(RECORDS SHOWN Opens)
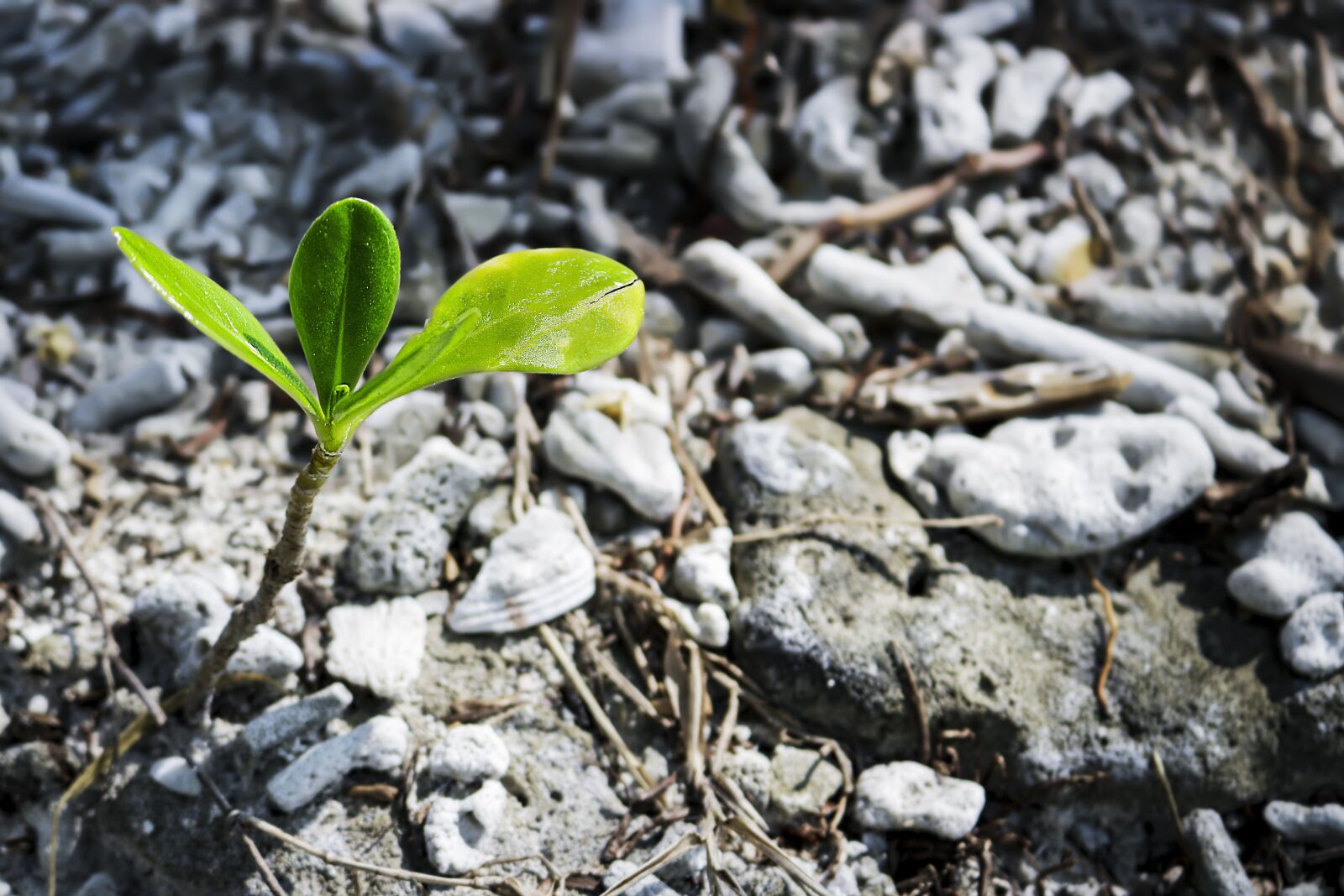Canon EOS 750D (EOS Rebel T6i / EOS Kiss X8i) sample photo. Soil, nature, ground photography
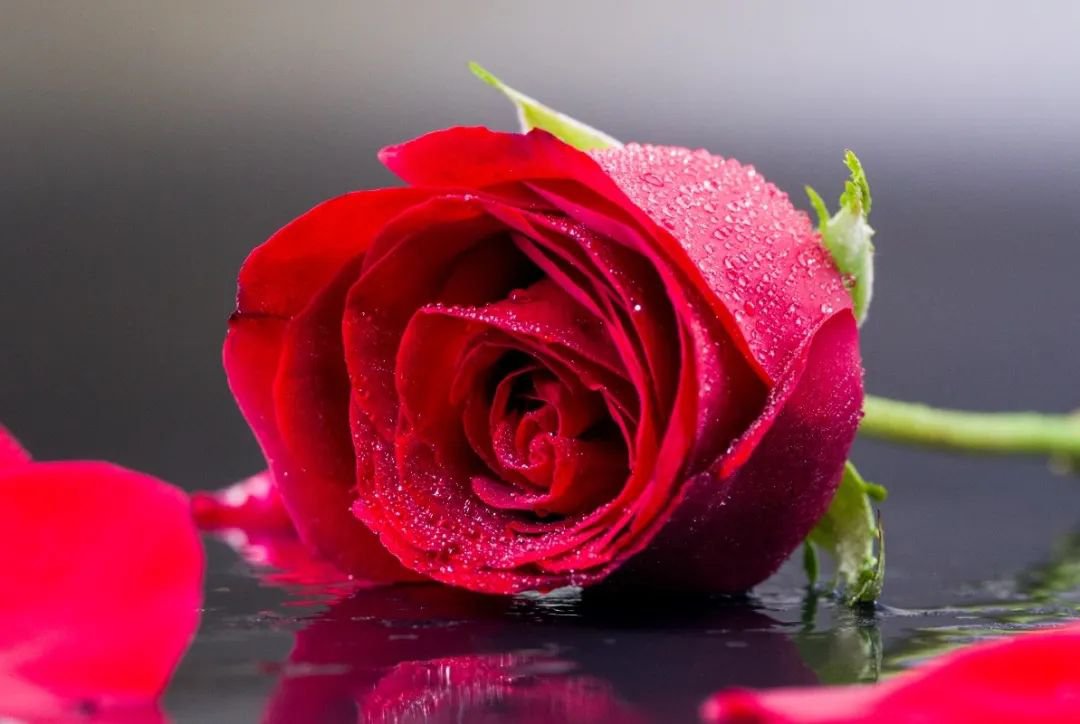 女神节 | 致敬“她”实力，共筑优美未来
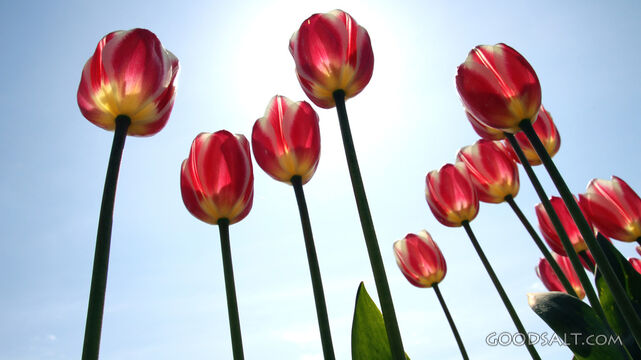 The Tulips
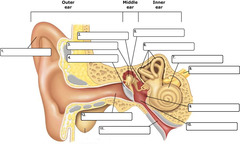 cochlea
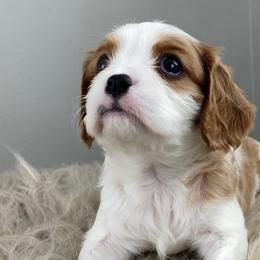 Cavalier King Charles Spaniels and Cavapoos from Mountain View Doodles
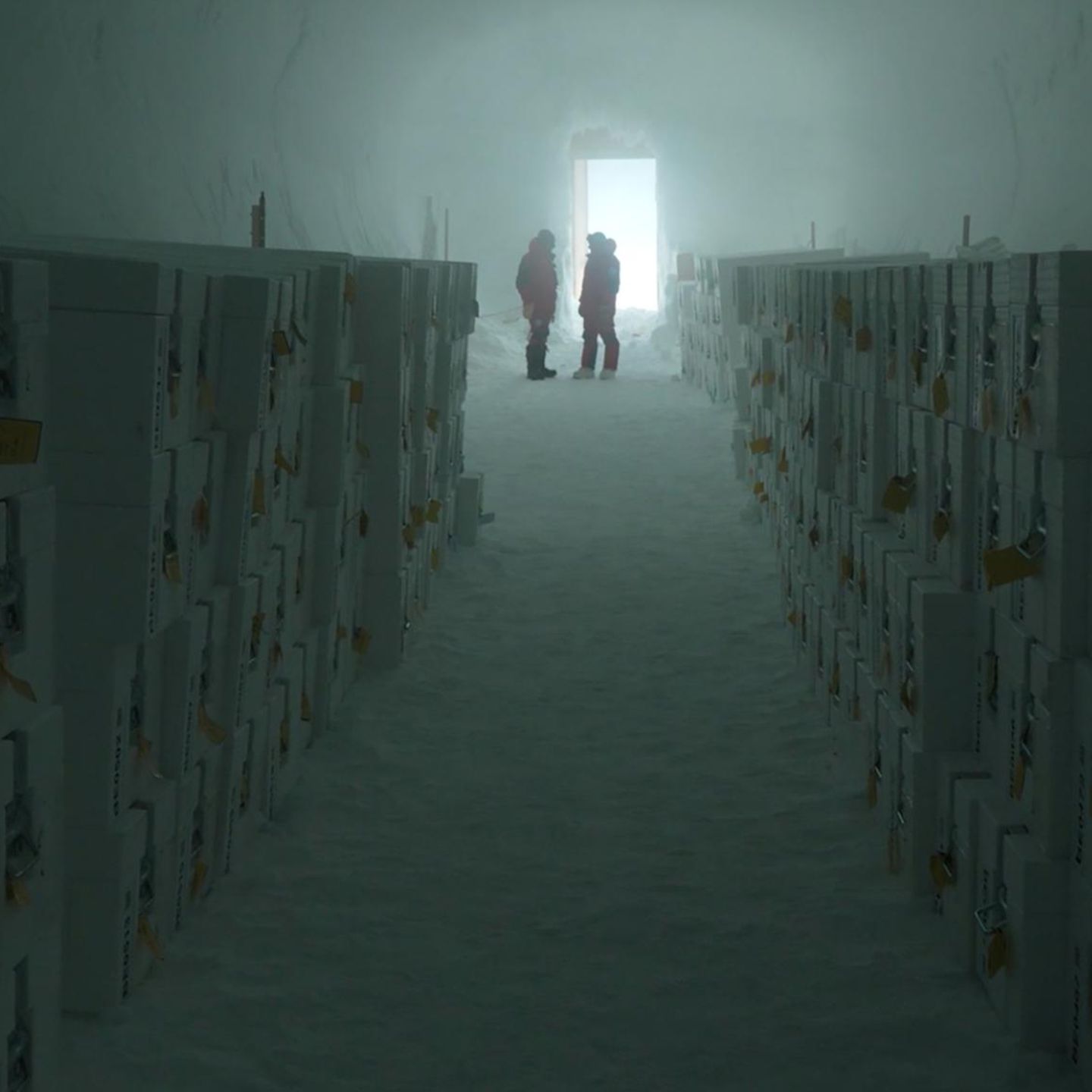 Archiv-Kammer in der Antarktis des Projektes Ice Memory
(RECORDS SHOWN Closes)
All of the entries above should be retyped exactly, with the pictures left out.

=== TASK RESPONSE ===
Canon EOS 750D (EOS Rebel T6i / EOS Kiss X8i) sample photo. Soil, nature, ground photography
 女神节 | 致敬“她”实力，共筑优美未来
 The Tulips
 cochlea
 Cavalier King Charles Spaniels and Cavapoos from Mountain View Doodles
 Archiv-Kammer in der Antarktis des Projektes Ice Memory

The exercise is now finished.